- Genre: Experimental
- Created by: Peter Greenaway Tom Phillips
- Starring: John Gielgud Bob Peck Joanne Whalley-Kilmer
- Country of origin: United Kingdom
- Original language: English
- No. of seasons: 1
- No. of episodes: 4

Production
- Running time: 22 minutes

Original release
- Network: Channel 4
- Release: 29 July – 1 August 1990

= A TV Dante =

A TV Dante is a 1990 mini-series directed by Tom Phillips and Peter Greenaway. It covers eight of the 34 cantos in Dante Alighieri's Inferno, part of his 14th century epic poem Divine Comedy.

Peter Greenaway and Tom Phillips won the Prix Italia for A TV Dante, their ambitious project to produce a video version of Dante's Inferno.
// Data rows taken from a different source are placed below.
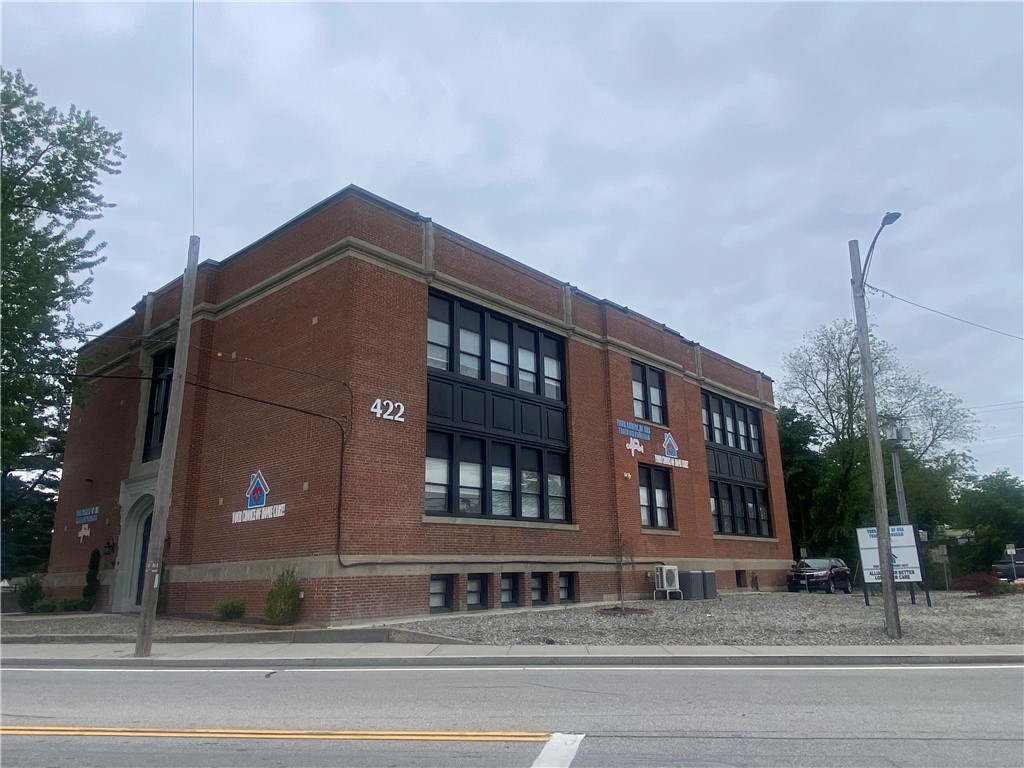 422 Post Road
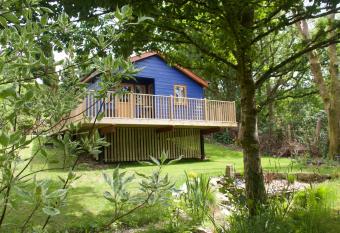 Creekside Lodge Launceston Cornwall allows 18 year olds to book a room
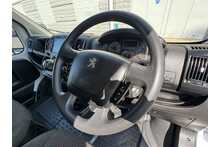 Peugeot Boxer BlueHDi 335 Professional Premium + 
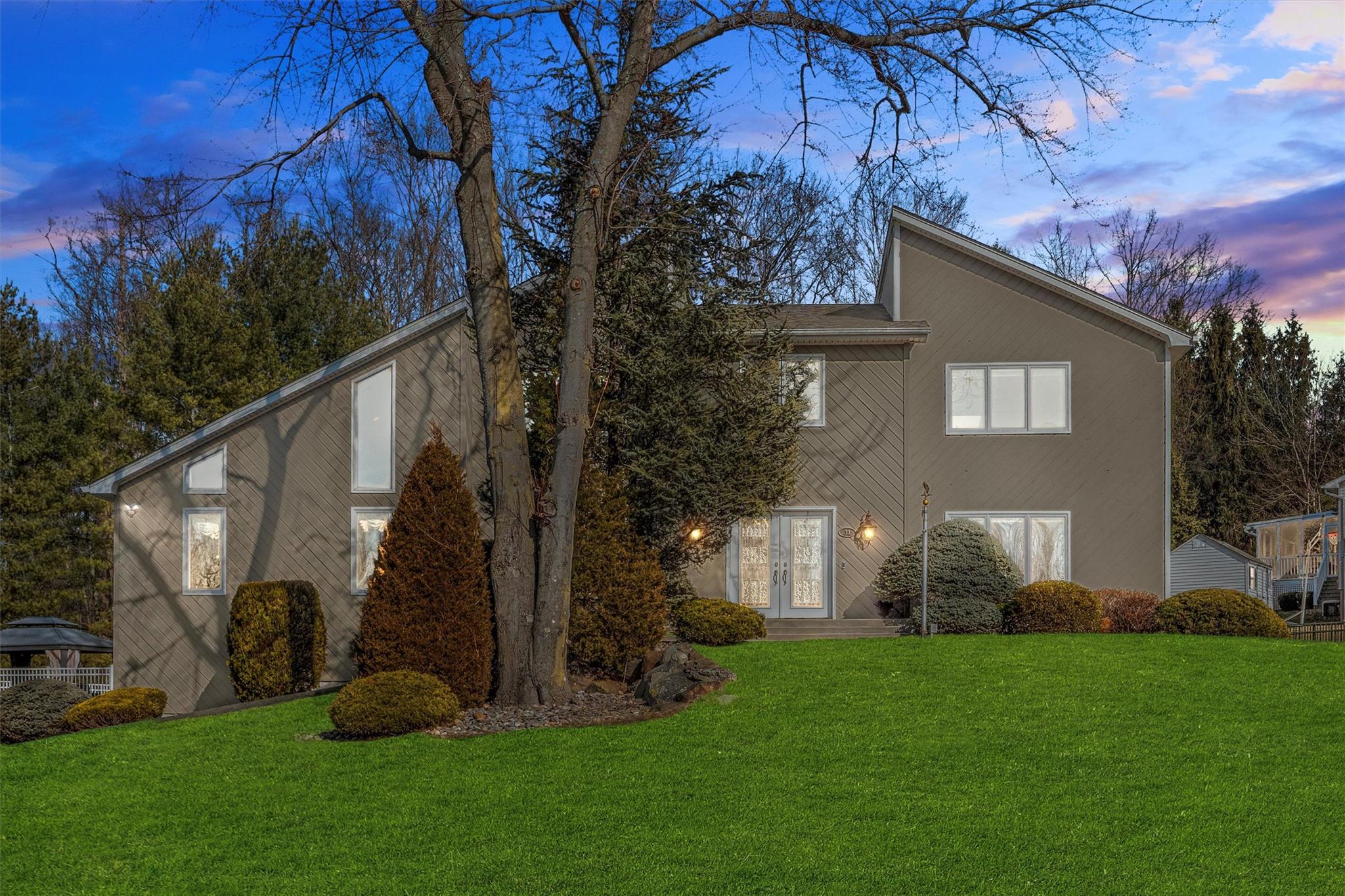 31 Waters Edge Property Photo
Greenaway was first inspired by artist Tom Phillips’ illustrated translation of the work and they collaborated on this, the first eight Cantos of the work, using all the state-of-the-art technological resources available to the electronic media at the time. The eight Cantos of the film are not conventionally dramatised, rather they are illuminated with layered and juxtaposed imagery and a soundtrack which comments, counterpoints and clarifies. There are visual footnotes delivered by relevant expert authorities, and these often perform the function of narration as well as illustration. The result is a video journey through Dante's underworld.

A TV Dante was continued in 1991 through a further six of the Cantos, 9 through 14, by Chilean director Raoul Ruiz.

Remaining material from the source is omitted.